M. Soucy parle de la complicité «hors du commun» qu'il entretient avec le pdg Pierre Gagnon. «Il sait ce que je pense avant que je le lui dise.»
Raynald Ouellet, directeur de l'exploitation, croit que la réussite tient aussi à la planification - «Chaque heure de planification en fait gagner quatre sur le terrain», dit-il - et à la gestion participative des projets. «Le client reste à la table tout au long du projet, et la table est décisionnelle, explique-t-il. Si bien que chaque problème est réglé au fur et à mesure qu'il se présente.» Au port, les budgets et les délais sont toujours respectés.

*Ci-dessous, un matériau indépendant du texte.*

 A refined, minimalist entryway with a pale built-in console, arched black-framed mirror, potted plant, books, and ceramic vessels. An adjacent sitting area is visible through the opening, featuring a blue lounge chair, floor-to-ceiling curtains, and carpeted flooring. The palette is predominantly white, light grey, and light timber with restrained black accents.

Au sein de l'équipe interne, on se partage le travail selon les compétences, explique encore M. Ouellet. Mais l'effectif devra toutefois être augmenté pour faire face à la croissance, ajoute-t-il. «Les gens ont mis les bouchées doubles au cours des deux ou trois dernières années», opine Pierre Gagnon. Le port de Sept-Îles a récemment peaufiné son image de marque. Sur ses documents, en plus du logo du port, on trouve l'inscription XXL. C'est pour refléter la performance de l'équipe, dit-il.
Pierre Gagnon
Ingénieur minier
(Cambior, Québec Cartier Mining)
Raynald Ouellet
Gestionnaire d'activités ferroviaires
(Québec Cartier Mining)
Patsy Keays
Relations gouvernementales et financement
(SADC)
Diane Morin
Comptabilité
(Port de Sept-Îles)
Carol Soucy
Entrepreneur
(Héli-Excel, Pêcheries commerciales Soucy)
85 %
Proportion du trafic du port qui concerne des liaisons internationales.
1 G$
Le port génère chaque année une activité économique d'un milliard de dollars.
4 000
Nombre d'emplois directs et indirects liés au port.